The former marine and president of the university's veteran's association said the transition is tough for many service members, but he hopes a new university initiative will change that.
Texas A&M formally opened its Veteran Resource and Support Center, or VRSC, in late October. The center had been operating in a limited capacity since September, and officials expect it to be a one-stop-shop for the university's 600 student veterans. It is currently manned by two people in the Koldus Student Services Building.
The vision of the center is broad, according to director Col. Jerry Smith, USMC (Ret.) and Aggie alumnus. Smith envisions the center as a hub to help direct veterans to the different resources already provided by the university, serve as a gateway to community veteran organizations, form an alumni network, gather data for analysis and more.
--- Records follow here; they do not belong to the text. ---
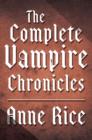 Image for Complete Vampire Chronicles 12-Book Bundle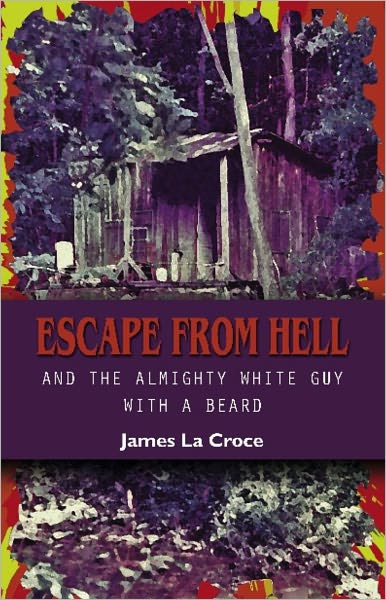 Escape from Hell and the Almighty White Guy with a Beard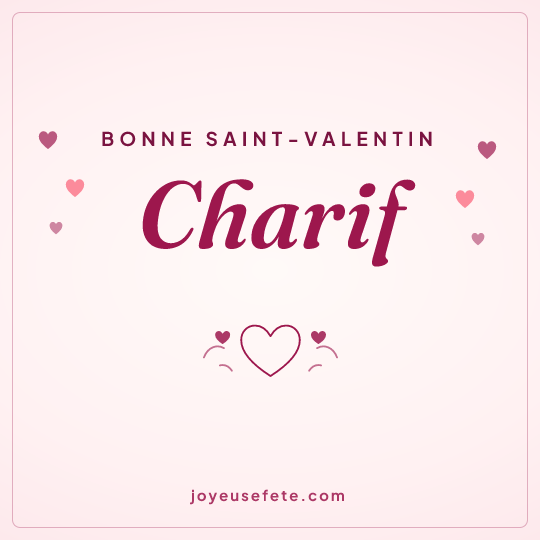 Image carrée « Bonne Saint-Valentin Charif » pour WhatsApp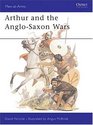 Arthur and the AngloSaxon Wars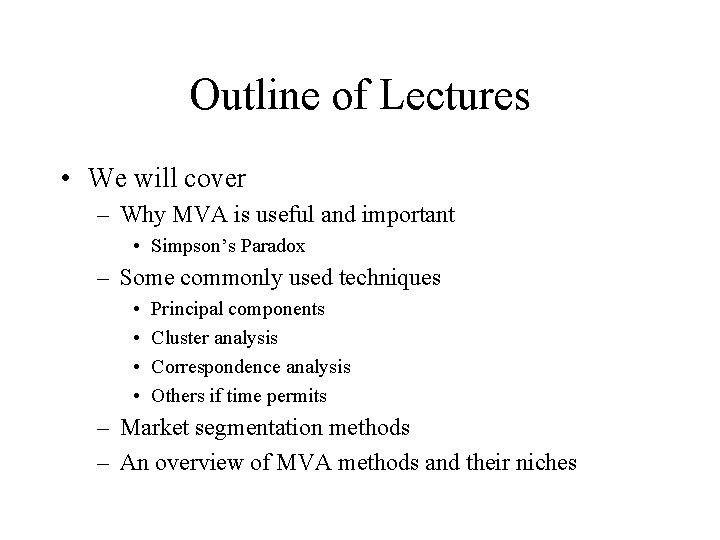 Outline of Lectures • We will cover – Why MVA is useful and important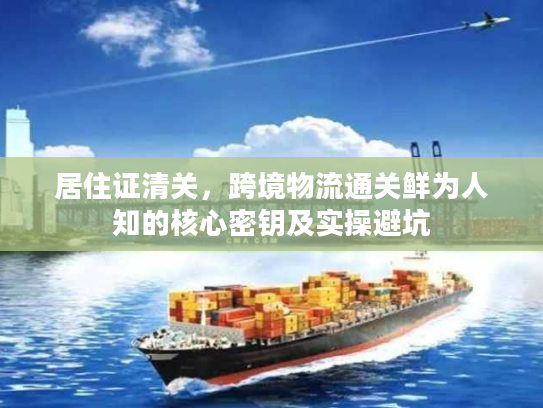 居住证清关，跨境物流通关鲜为人知的核心密钥及实操避坑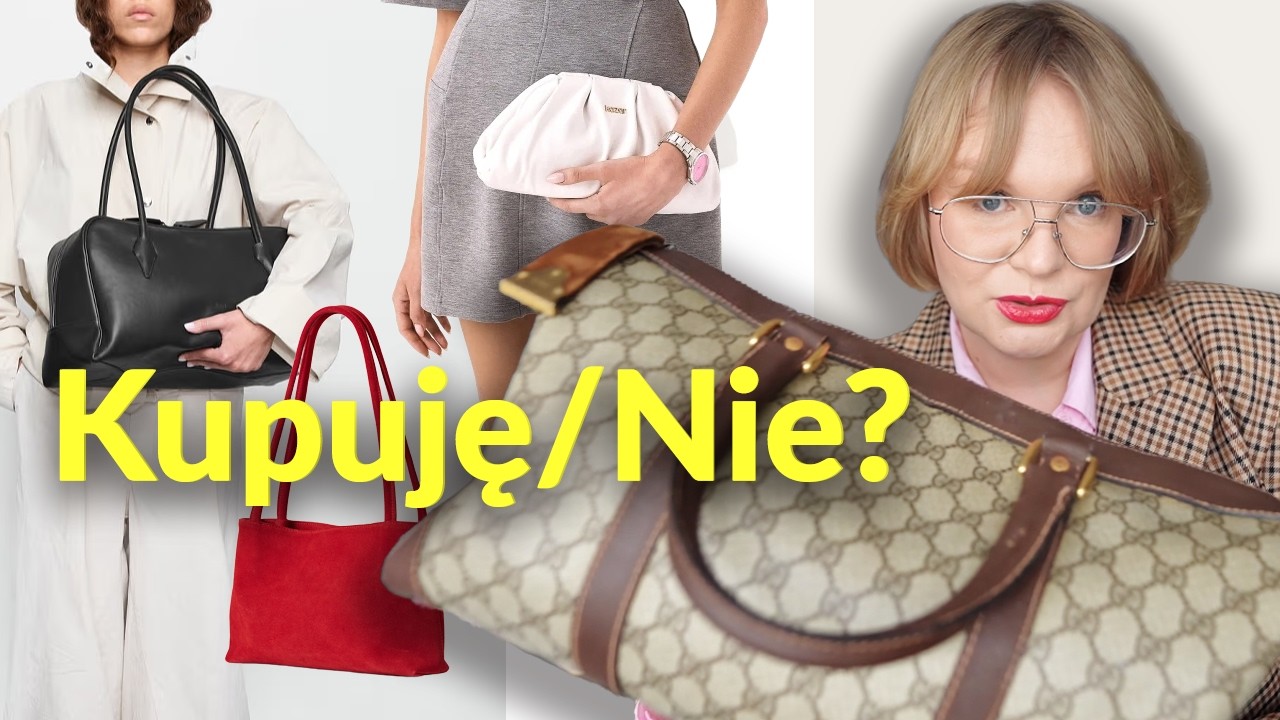 👜 Torebki na wiosnę: kupuję czy nie? Okiem stylistki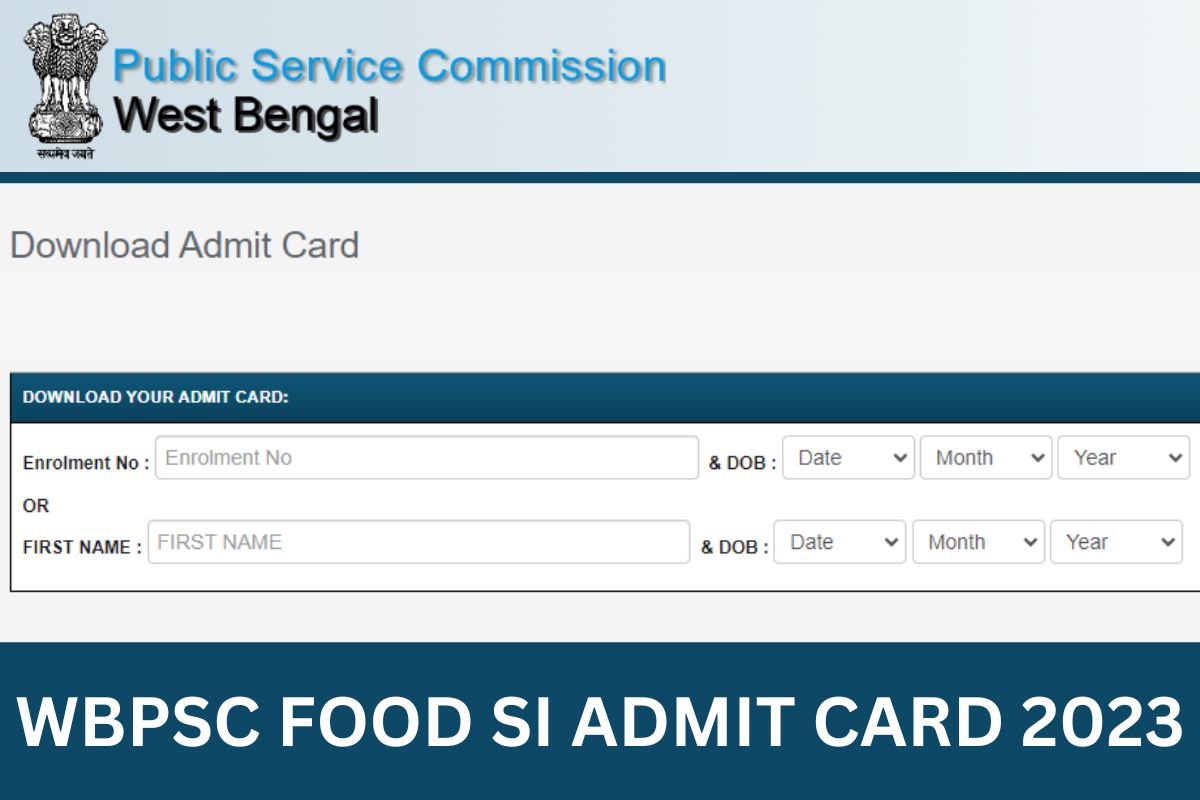 WBPSC Food SI Admit Card 2024 (Out), FSI Exam Date Download @ Wbpsc.gov.in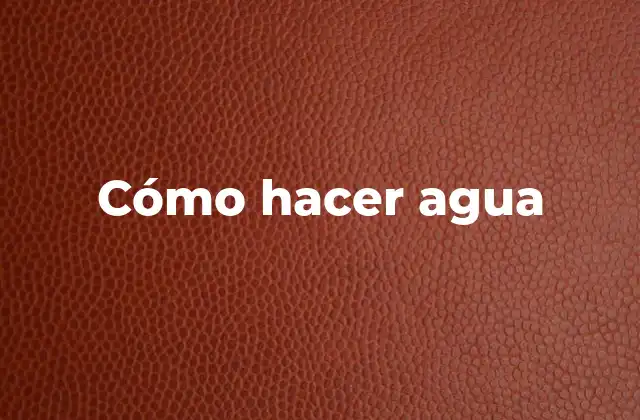 ¿Qué es el agua potable y para qué sirve?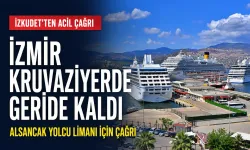 İZKUDET’ten Alsancak Yolcu Limanı için acil çağrı: İzmir kruvaziyerde geride kaldı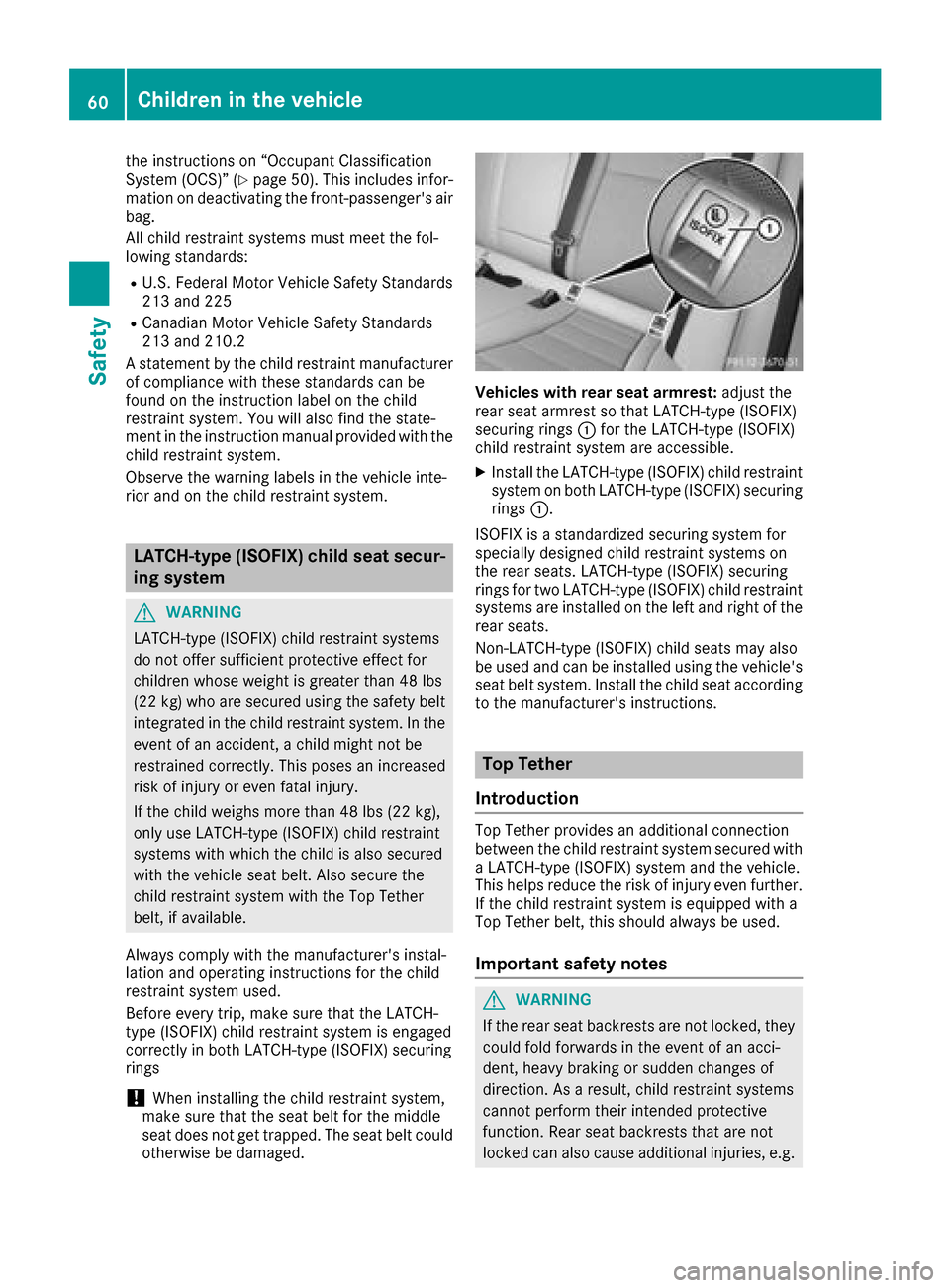 MERCEDES-BENZ GLC COUPE 2017 X253 Owners Manual the instructions on “Occupant Classification
System (OCS)” (Ypage 50). This includes infor-
mation on deactivating the front-passengers air
bag.
All child restraint systems must meet the fol-
low MERCEDES-BENZ GLC COUPE 2017 X253 Owners Manual the instructions on “Occupant Classification
System (OCS)” (Ypage 50). This includes infor-
mation on deactivating the front-passengers air
bag.
All child restraint systems must meet the fol-
low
"When veterans come in they are often nontraditional students -- older, married, live off campus," Smith noted. "They tend to be a little more disconnected to the resources that exist on campus. What I'm trying to do is initiate programs to identify these students before they even get to Texas A&M and help them become successful students, then transition from being a student into workforce."
To help gauge success more concretely, Smith hopes to start gathering data on veterans' graduation rates, dropout rates and performance. Those indicators, Smith said, will help the center know what needs of veterans to target.
The formation of the center follows veteran support measures by the university system. In 2011, the Board of Regents created the Veterans Support Office in the A&M System's headquarters. That same year the Student Veterans Advisory Council, made up of a student representative from each of the A&M System's 11 universities and the Health Science Center, was formed. The Texas A&M center is driven partly by demand. The university had about 500 students on military benefits in 2008-2009, Smith said. When the GI Bill and Hazlewood Act became available for spouses and dependents of veterans in 2009, that number spiked. There are now about 2,000 students receiving benefits, Smith said.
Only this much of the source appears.